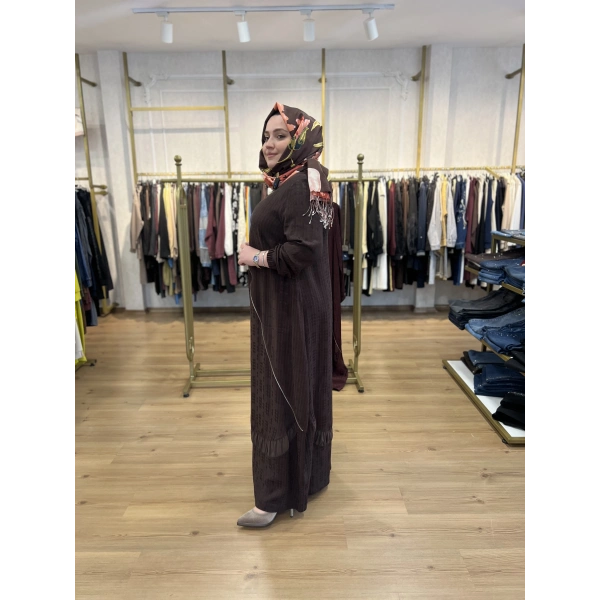 FATMA DANIŞMAN Kazayağı Jakar Fermuarlı Elbise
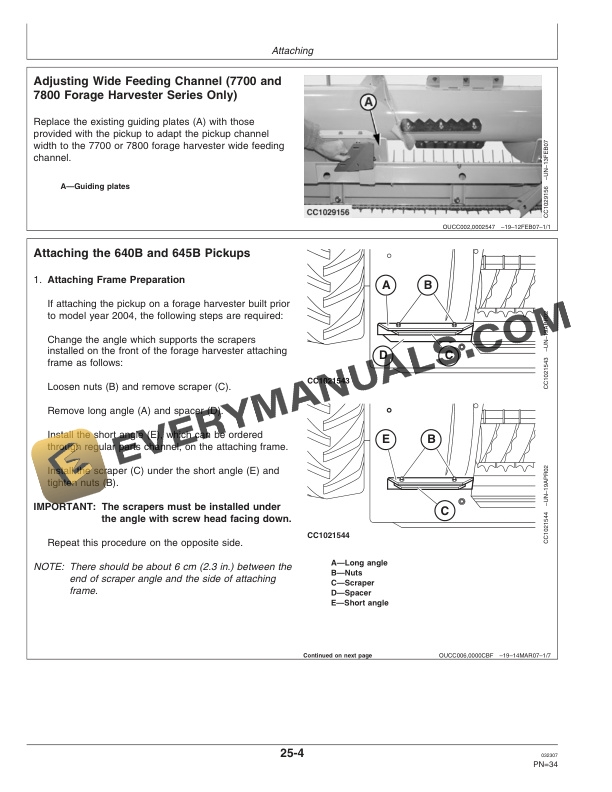 John Deere 630B, 640B and 645B Windrow Pickup Operator Manual OMLCA94322-2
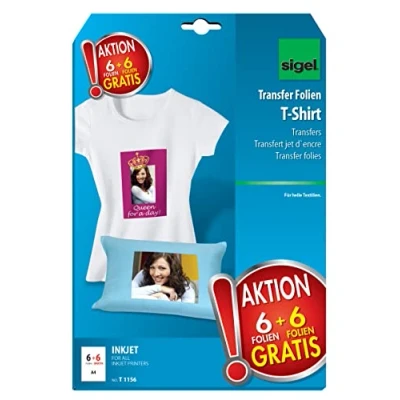 Imagen de SIGEL T1156 Hot Deal InkJet Transfer para camisetas colores claros, A4, 197 µm, 6+6 hojas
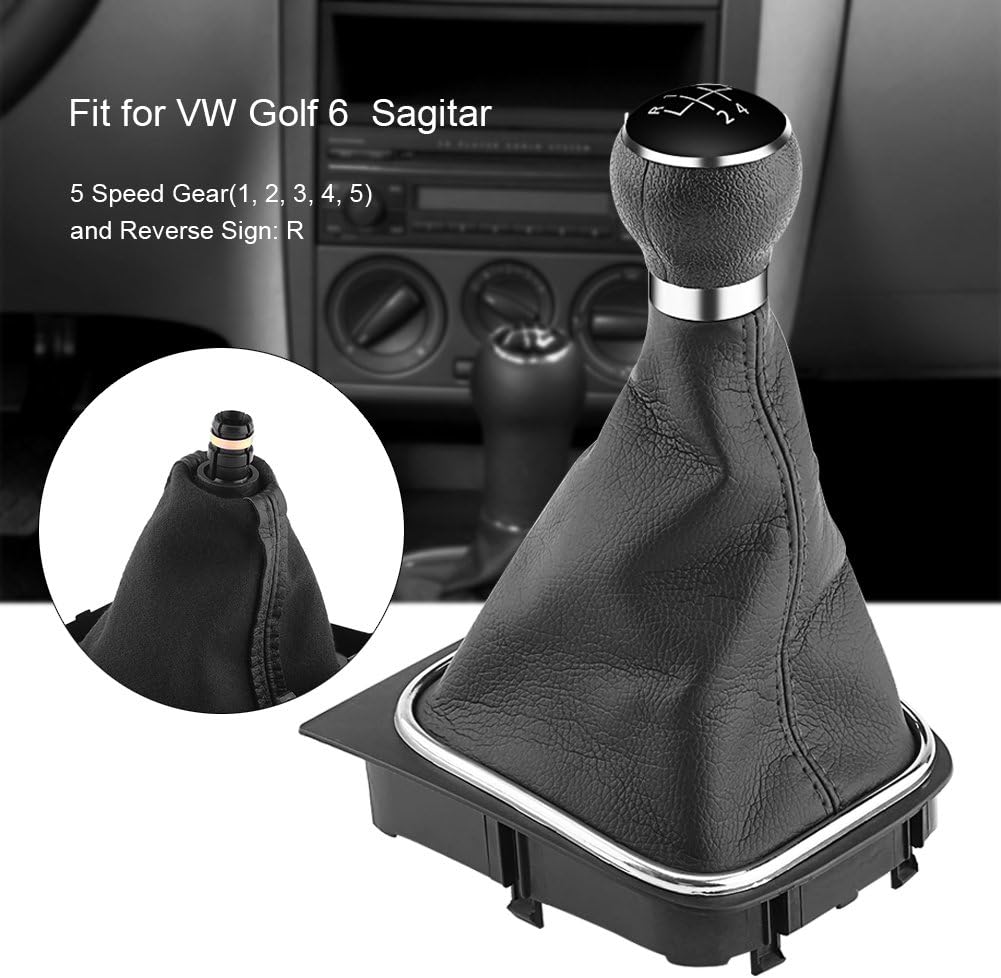 EVGATSAUTO 5-Speed Gear Shift Knob with Boot Cover for Volkswagen Jetta, Golf MK5 MK6 (2005–2011), Manual and Automatic Transmission Gearstick Gaiter Kit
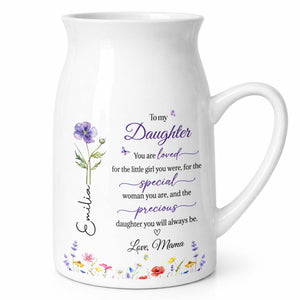 To My Daughter You Are Loved Flowers And Butterflies - Personalized Ceramic Flower Vase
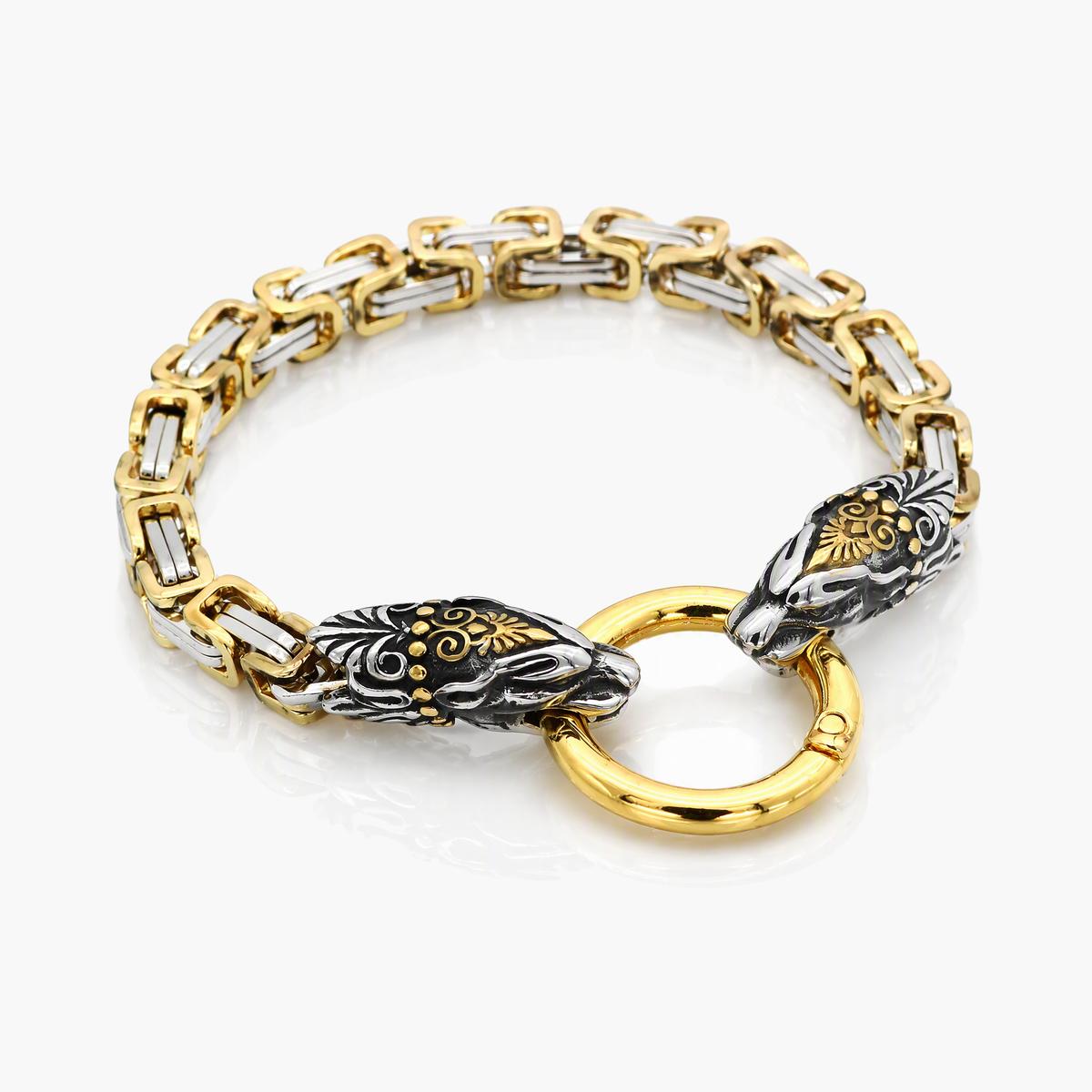 Vintage Wolf Head Link Bracelet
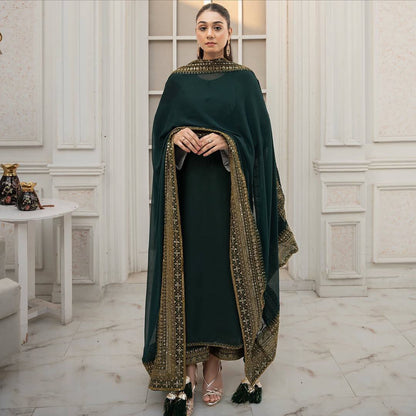 Natural Crepe Silk Embroidered Suit Set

---*---

Beginning with the line that contains "To My Daughter", output each line of the material above through the last one exactly as it stands. Do not include the pictures.

▸ **Answer area**:
 To My Daughter You Are Loved Flowers And Butterflies - Personalized Ceramic Flower Vase
 Vintage Wolf Head Link Bracelet
 Natural Crepe Silk Embroidered Suit Set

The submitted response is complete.